Earnings season's hitting top health care stocks with full force, and today marked Merck's (MRK 0.44%) big day in front of investors. Merck reported earnings before the opening bell today, and investors came away disappointed from the get-go: While the company did manage to top Wall Street's earnings estimates, its profits still nosedived by 35% for the quarter.

Generic competition's still taking a big bite out of Merck's performance, but one of the company's brightest hopes for the future has led today's drop in this blue chip stock, as shares fell around 2.5% at the opening of the trading day. Here are the three keys from Merck's earnings release that you need to know.

Januvia's ongoing disappointment
Blockbuster diabetes star Januvia holds the keys to Merck's future, but this standout drug isn't performing like a foundation of the company. Januvia, first approved in 2006, saw its sales slide 5% in the third quarter. The combination of Januvia and Janumet, its sister drug for treating diabetes, slipped 1% overall, down from a 5% growth mark a year ago.
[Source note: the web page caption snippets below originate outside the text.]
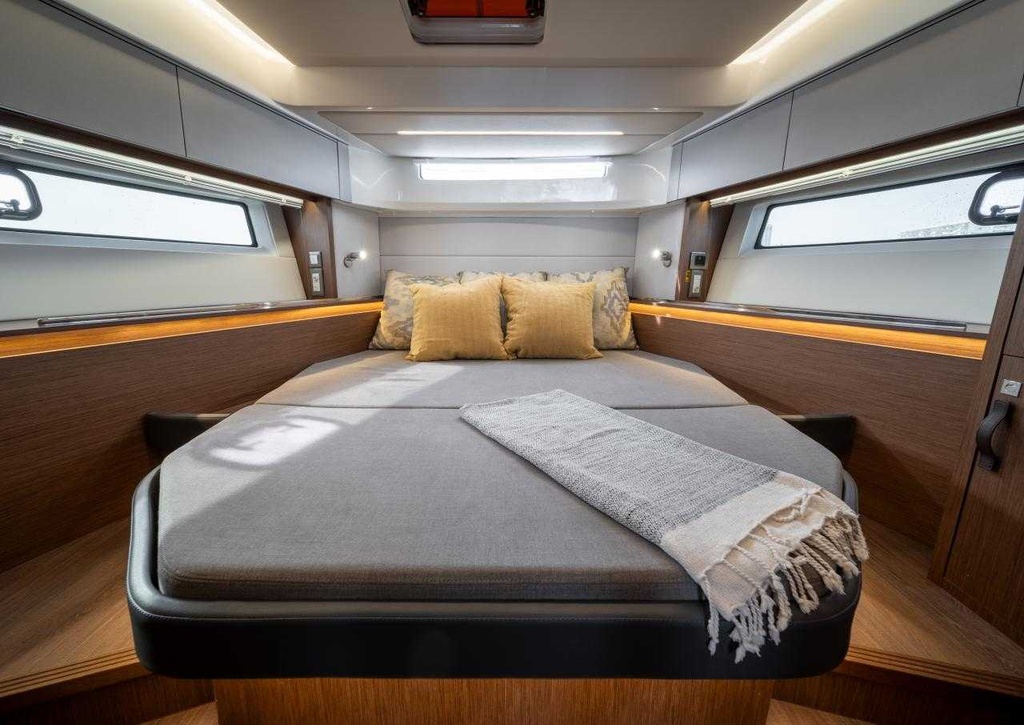 BENETEAU ANTARES 12 COUPE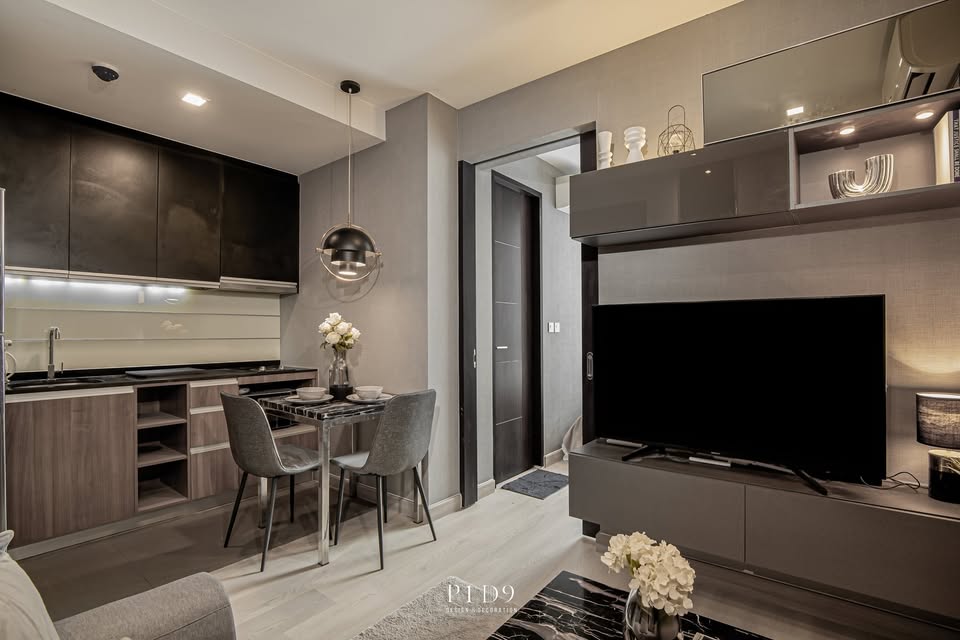 Stunning 1-Bedroom, 1-Bathroom condo in Wish Signature Midtown Siam. 26.65 sqm, modern style, ready to move in. For Sale 4.65M THB or Rent 22K/month.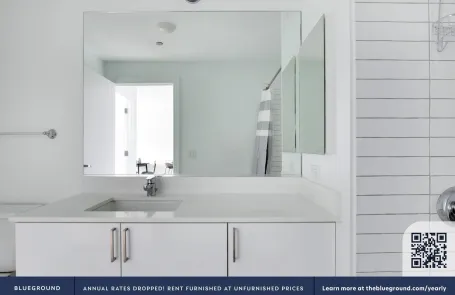 1 Bedroom West Loop Apartment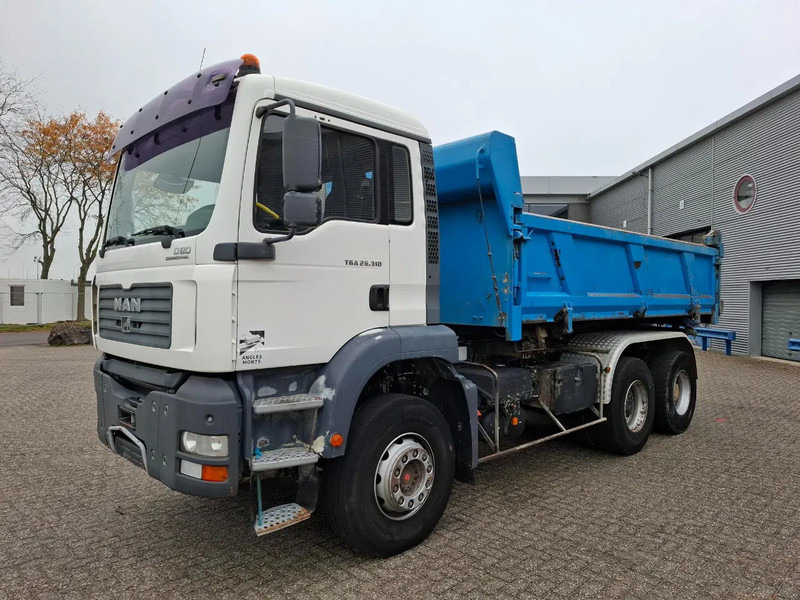 MAN TGA 26.310 / 6X4 / 2XBIG AXLE / 2SIDE TIPPER / ONLY:545423 KM / TUV:06-05-2026 / FULL-STEEL / AIRCO / MANUAL / EURO-4 / 2005 - Kallurauto: pilt 3 MAN TGA 26.310 / 6X4 / 2XBIG AXLE / 2SIDE TIPPER / ONLY:545423 KM / TUV:06-05-2026 / FULL-STEEL / AIRCO / MANUAL / EURO-4 / 2005 - Kallurauto: pilt 3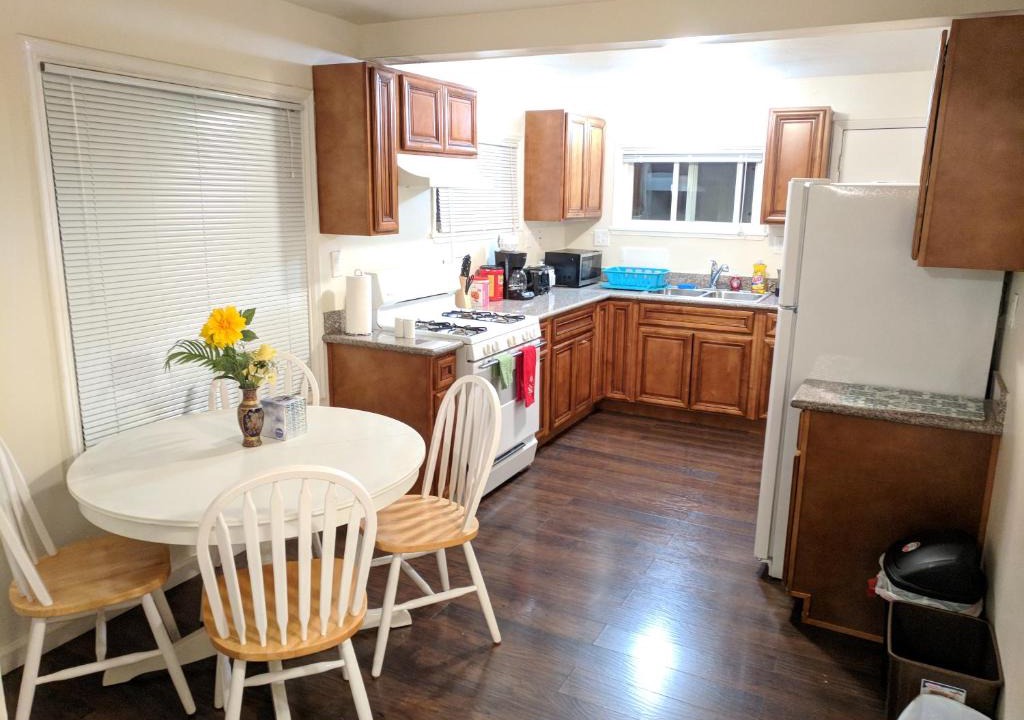 Vallejo House | Two-Bedroom House near Napa, Six Flags & Freeway
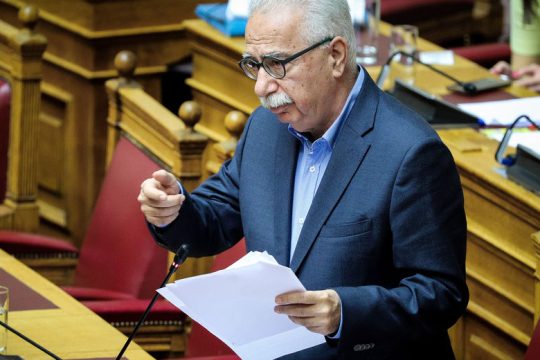 Στα μαχαίρια για την εκπαίδευση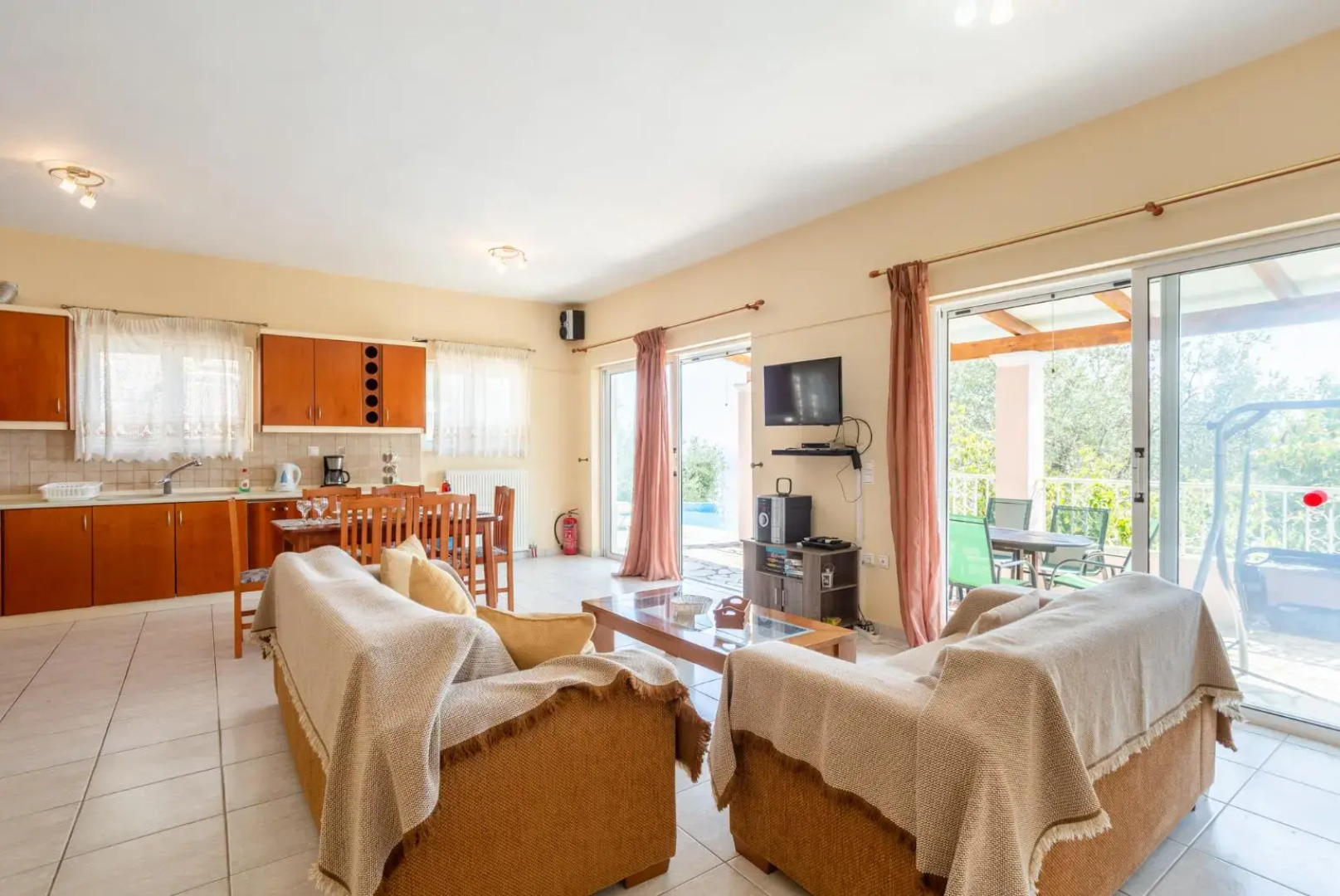 Beach villa Aetos kaminaki Nissaki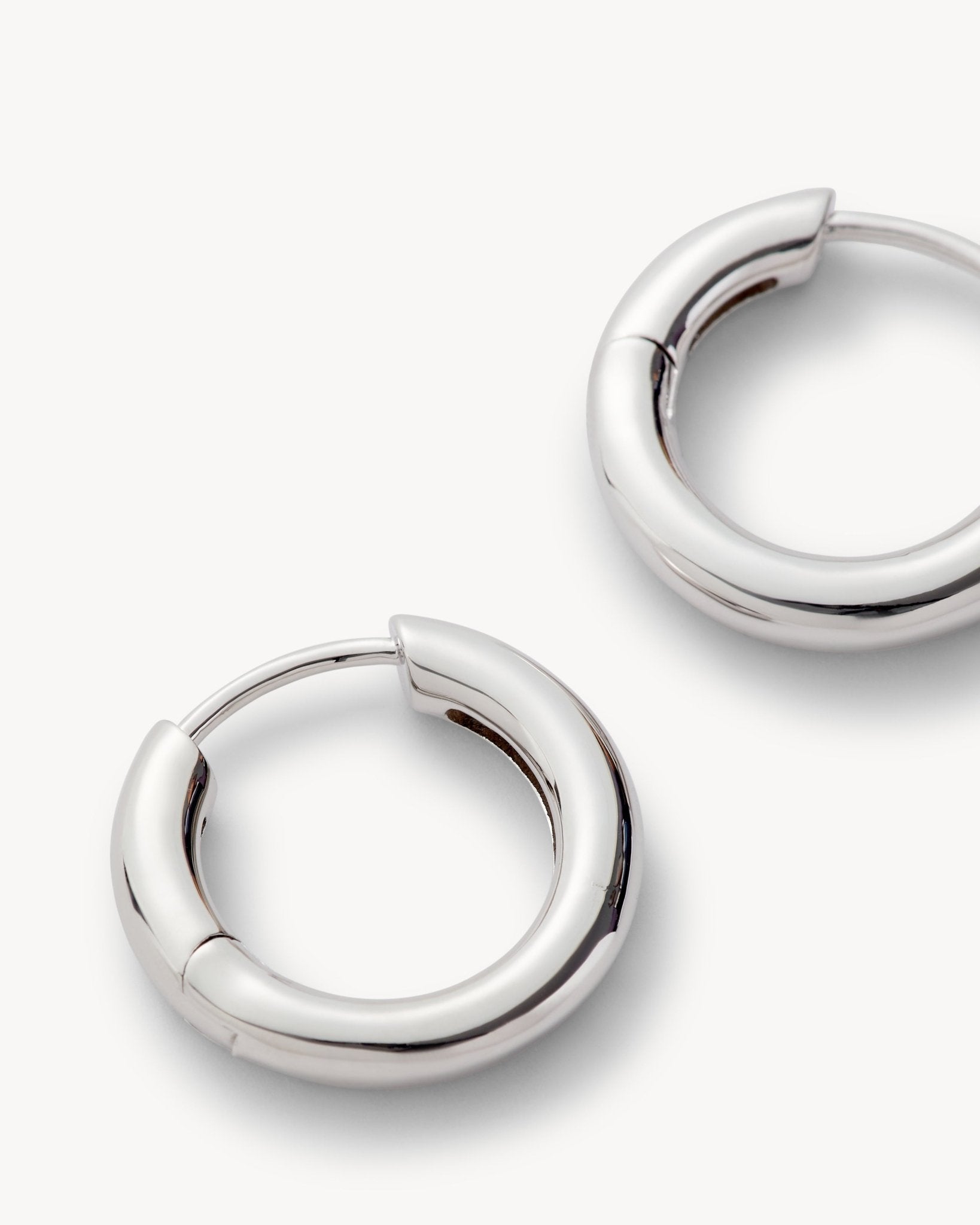 Hinge Hoops in Silver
Januvia and Janumet are still huge revenue gainers for Merck. The two drugs combined for more than $2.8 billion over the first half of the year, but in that time frame, Januvia has struggled with falling sales. Stiffening competition is rising in the diabetes market, particularly with the approval of Johnson & Johnson's (JNJ 1.49%) diabetes therapy Invokana. Invokana looks to threaten Januvia and Janumet's strong position in this market, and Johnson & Johnson's drug has performed well against the former in past clinical trials.

Johnson & Johnson's Invokana could rack up $1 billion or more in annual peak sales, and while that's far less than Januvia and Janumet bring in, Merck needs to restore growth in this drug duo to tap into the growing and lucrative diabetes market -- and to keep the company's sales on track for the future.

Mounting concerns from the patent cliff
Why is Januvia so important to Merck's future? Look no further than the patent cliff, which continues to hammer away at the company's results.

Singulair, once Merck's top-selling drug, has continued its fall from grace after losing its patent protection. The drug's sales fell 53% in the quarter, a slight bit better than the more than 75% year-over-year sales loss the drug took over the first half of the year -- although a respite that likely won't satisfy investors frustrated with Merck's weak financial performance of late.

Singulair's the big loser right now, but more patent pain's on the way for Merck. Generic versions of Zetia -- Merck's cholesterol-fighting drug that brought in more than $1.2 billion through the first half of the year -- will be clear to hit the market in December 2016. Allergy medicine Nasonex loses its formulation patent in the U.S. next year, a bad sign for a drug that made more than $700 million over the first six months of the year. Vytorin, another top cholesterol fighter, will lose patent protection in 2017 after scoring more than $800 million in revenues through that same time frame.

Januvia and Janumet were expected to help make up for these losses, but with Merck's signature diabetes duo struggling, patent losses loom much larger in the company's future. And if Singulair's current predicament is any indicator, the results won't be good for investors.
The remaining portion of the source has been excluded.